Entries supplied
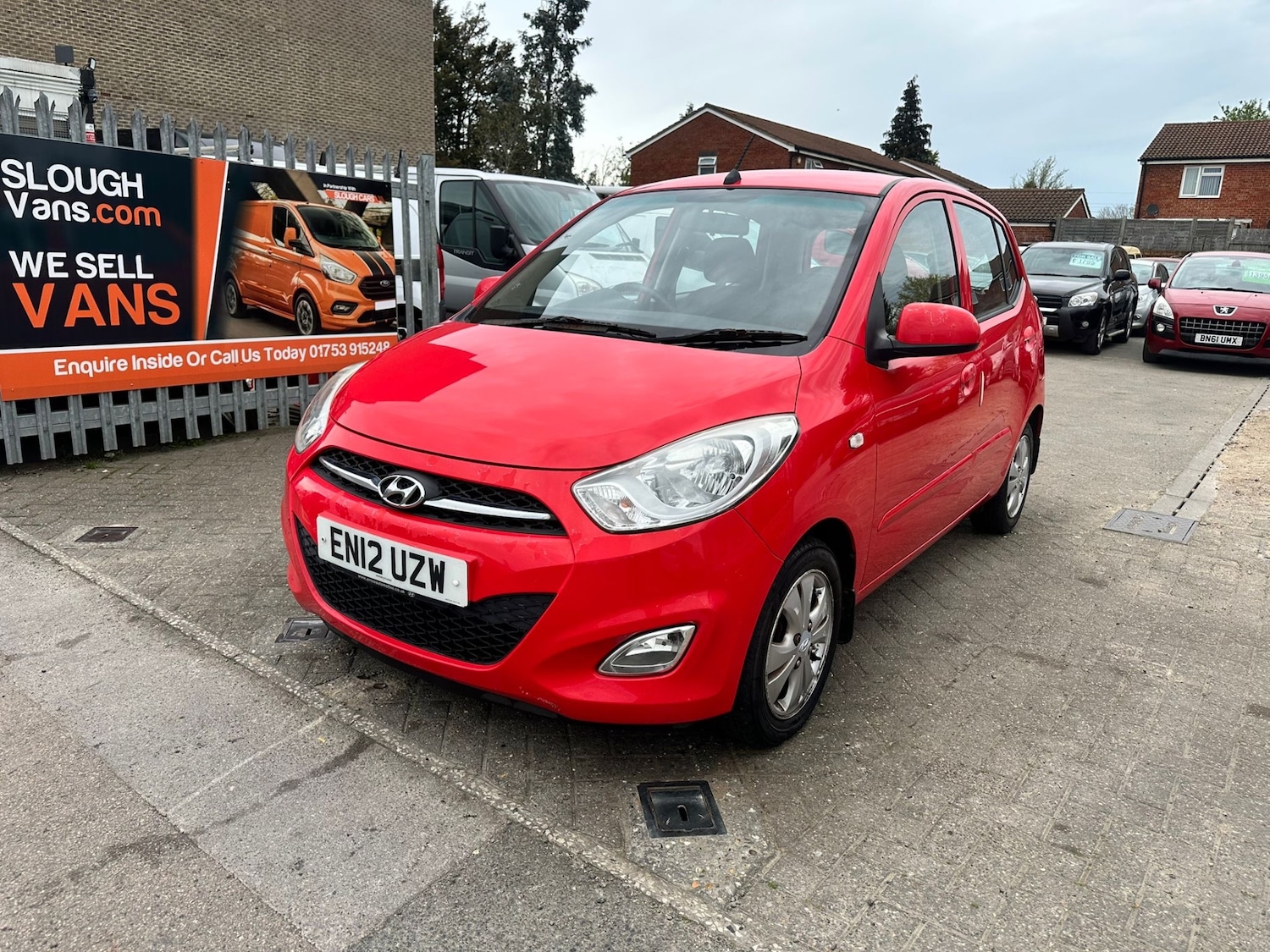 Used Hyundai i10 2012 for sale - 78190366: Photo 2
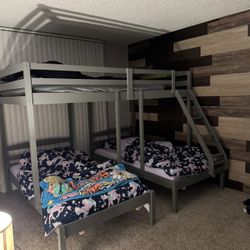 Bunk bed (1 full Size / 2 Twin Size)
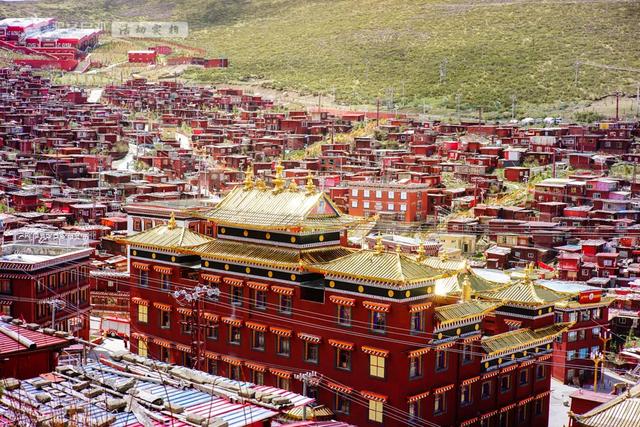 国庆逆向旅行！走进藏在川西深处的佛国圣地，找寻信仰的乌托邦！
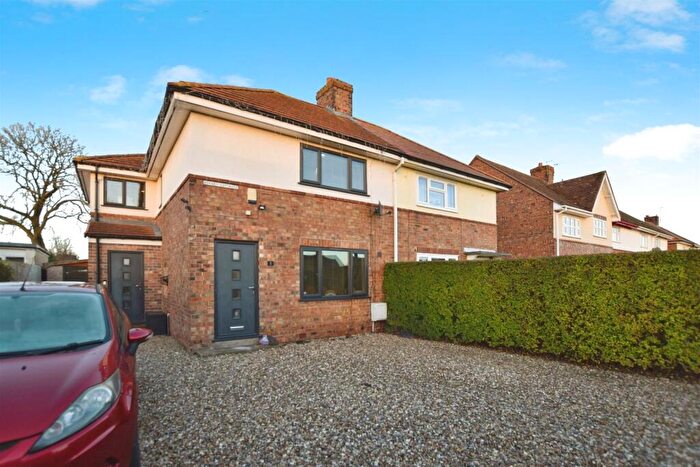 3 Bedroom Semi-Detached House For Sale In Bengey Cottages, Burton Pidsea, Hull, HU12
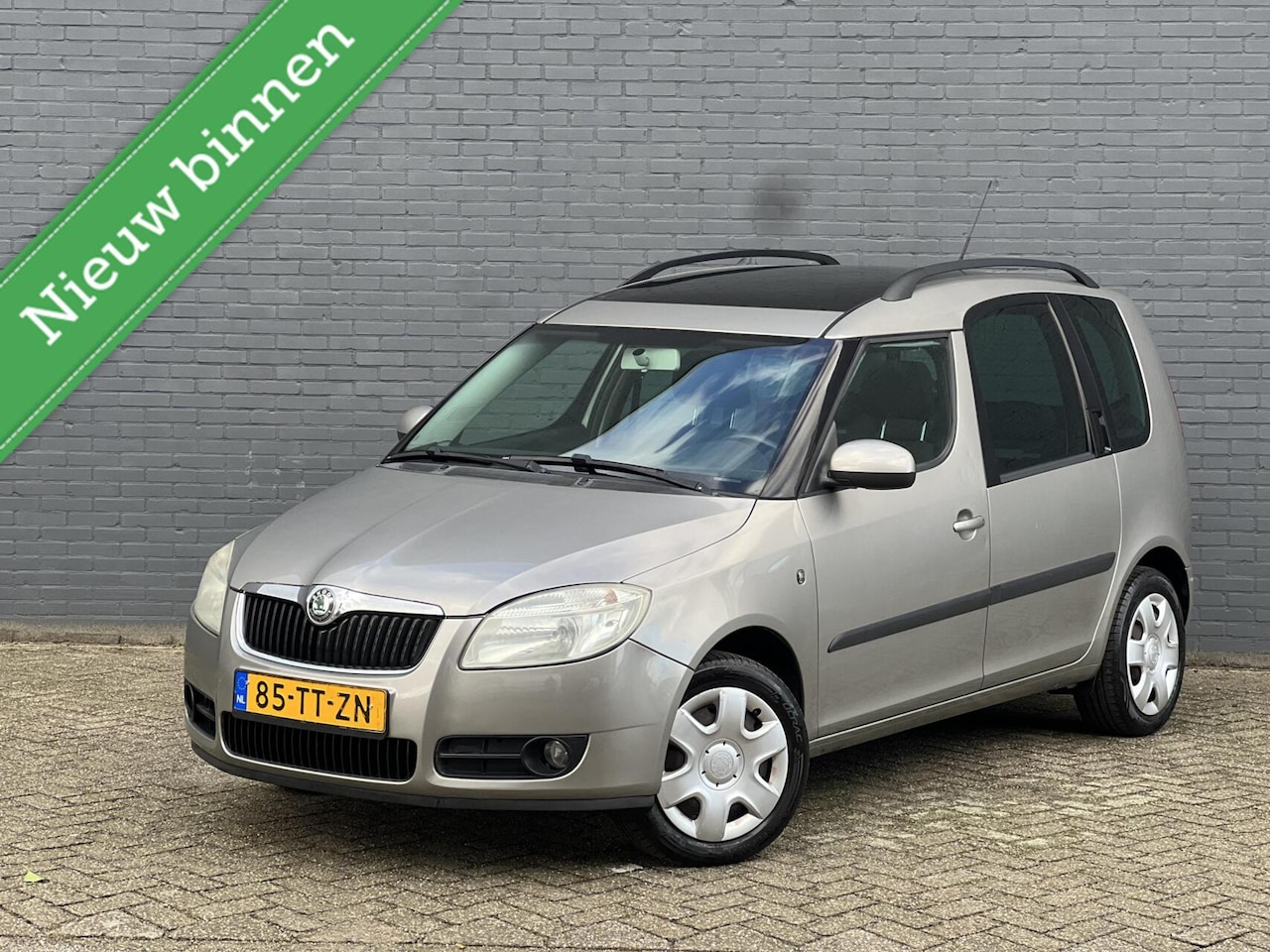 Skoda Roomster - 1.2 Style Nieuwe Koppeling| Nieuwe APK - AutoWereld.nl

Goal of the exercise
Copy exactly the lines that run from the one containing "3 Bedroom Semi-Detached" to the last line of the records, both included, and leave out every picture.

Written response
 3 Bedroom Semi-Detached House For Sale In Bengey Cottages, Burton Pidsea, Hull, HU12
 Skoda Roomster - 1.2 Style Nieuwe Koppeling| Nieuwe APK - AutoWereld.nl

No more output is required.